Tuesday, 18 August 2015
A word about websites
The Tory group "Conservatives For Britain" have just launched their website. I hate it. When I have a day job, I'm a web developer. I am solely responsible for www.eureferendum.com. It is an engine of my own creation developed over a few years. Now anyone who's good at it will poke massive holes in some of the coding (hey, I didn't say I was good at it) and the bits that are supposed to make it work on a mobile phone don't quite work as they should. That said, it's still better in most respects.
If you look at a single blog post on that Tory website, you'll see that no attention has been given to how the reader receives it. The long stringy sentences stretch across the screen with no regard to paragraphs. What it actually tells us about them is that do don't really care about how it is received or whether anybody will read it. It exists not as a tool of communication but to serve the vanity and egos of the people it promotes. The Business for Britain website is similarly awful, perhaps using the same engine. Scrolling headlines is soooo 1996 for goodness sake.
Similarly, you could take a look at The Know website, which from a web technology perspective is absolutely phenomenal. Whoever developed that is a master and I would kill to have those skills. But it is still a really shitty website as far as the actual user is concerned.
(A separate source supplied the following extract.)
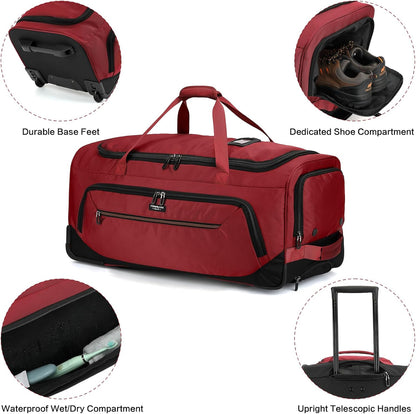 Large Rolling Duffle Bag with Wheels and Handle 85L 29 inch Travel Duffel Bag for Men Women with Shoe Compartment & Wet Pocket, 2 Wheeled Checked Luggage for Business Travel Long Trips, Black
This is really typical of my industry in that websites serve to wow the people who commission them rather than to do an actual job.
Straight off the bat, none of these websites tell me anything I want to know and the navigation is incomprehensible. I have long argued that the straight up blog format is the way to go for any political website. It shows up straight away that there is new content, that it's regularly updated and there is a reason for a repeat visit.
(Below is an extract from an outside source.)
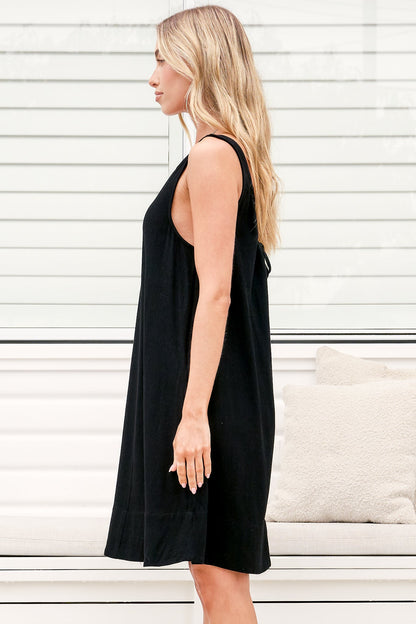 Corvina Mini Dress - Round Neck Swing Dress with Low Back Tie Detail in Black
This is something even Ukip managed to get right. Ok, fine, so it took ten years of shouting at them before they finally arrived at the right format, and they still populate it with mindwarping drivel due to the lack of a communications strategy, but it still does a better job in engaging the reader.
Ultimately this referendum will be a battle fought on the web. We will see a number of vanity groups with start up websites - all of which may have an initial wow factor that might impress donors and perhaps the electoral commission, but lack any kind of authenticity and pay no thought to adding value to the debate and have no strategy behind them. Seriously, what does it matter if the website works on all the latest handheld gadgets if there's nothing on them worth reading? Moreover, does Conservatives For Britain really think genuine eurosceptics give a tinkers damn what Boris Johnson thinks? Does anybody?
The opposition is just as as bad in this regard - but we cannot afford to be. In this campaign, it is our side that has the upper hand on the web as we have grassroots authenticity. Consequently any web resources must be geared for the reader, and not the vanity of the owner. Thus far, I haven't seen any eurosceptic organisations who have their act together in this regard. A website without a strategy is a waste of money and a website that doesn't speak to the reader, speaks to nobody.
It comes as no surprise that the Tory outfits care nothing for those who would visit their websites, but for the rest of us, we have a job to do.